Punching and kickboxing is not the only stunt work required in Miss Congeniality 2. There is also an underwater scene that required King and Bullock to spend a substantial amount of time holding their breath. “The stunt coordinator said we would not be down there for more than 20 seconds at a time,” explains King. “When I first got in the pool I couldn’t hold my breath for 10 seconds, but during filming we were under and we came up and the director was like ‘You guys were down there for 45 seconds!’ It’s amazing what you can do when you’re challenged.” There is another challenging scene in the movie that required King to don fishnet stockings and a shimmering gold mini-dress, but curious fans are just going to have to wait until the March 24th movie release for that mystery to be revealed.

With Miss Congeniality 2 completed and on its way to theaters, Regina is currently working on another comedy project, only this time she won’t need to prepare physically for the role. “I’m doing Boondocks,” she explains, referring to an animated series based on the popular and controversial comic strip created by cartoonist Aaron McGruder. “It’s going to be on Cartoon Network. It’s a lot of fun. We’re five episodes in, and they are all hilarious.” King warns, “Some people will be offended. When you want to make people listen, you’ve got to offend some people sometimes.” She laughs and adds, “It won’t be the first time Aaron has offended someone through his style and his satire. I think he’s brilliant.”

Since the Boondocks project requires only voiceover work, King gets to spend a lot more time at home with her husband Ian and their 9-year-old son, Ian Jr. “It’s been great because I don’t have to do makeup and hair, and the recording studio is only 15 minutes from my house,” she says.

Throughout her career, home has always remained King’s number one priority.
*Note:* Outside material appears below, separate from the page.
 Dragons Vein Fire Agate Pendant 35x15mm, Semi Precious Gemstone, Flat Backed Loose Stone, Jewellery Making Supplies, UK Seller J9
She admits it hasn’t been easy, but when it comes to managing a successful film career and a happy household, she has always worked to put family first. “I can’t say there’s a certain formula, but everything has fallen into place and works the way it should. I’m blessed to be in a situation where I don’t have to have a nanny. I don’t want to miss any of my son’s firsts.”

King takes her role as parent and role model for her son very seriously, but she isn’t just committed to her own child’s development—she’s trying to make a difference in the lives of as many young people as she can personally reach by visiting schools and talking to kids about developing healthy self-esteem. “I am addressing my young sistas [saying] ‘embrace your beauty and your individuality.’ I go to the high schools and elementary schools and I see them trying to emulate what they see in the music videos; it makes me want to cry—it really does. Unfortunately we are not represented well on television and in the movies and I want these young people to know that that isn’t all that we are—shaking our behinds in videos.”
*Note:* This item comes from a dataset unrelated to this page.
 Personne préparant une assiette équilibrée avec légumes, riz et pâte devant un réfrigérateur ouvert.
In her career, King works hard to project an image that says black women can be beautiful, strong and confident—without taking their clothes off. “I try to encourage people in the industry to do it differently,” says King. “We all have a responsibility to try to create a better image. No disrespect to the rappers, but couldn’t we do a different video? I think it’s having a huge effect on young women. It’s creating confusion within them as far as their self-worth. When they see rappers looking at the girls like ‘Ooh you hot, ma’ they think that’s what they need to do to be hot. I want them to know you don’t have to be half naked to be beautiful. I tell them it’s hotter to have an incredible brain. It’s much hotter to be able to hold a conversation with anybody, any age, any color.” Just being her beautiful, intelligent and talented self, Regina King is a shining example of that truth.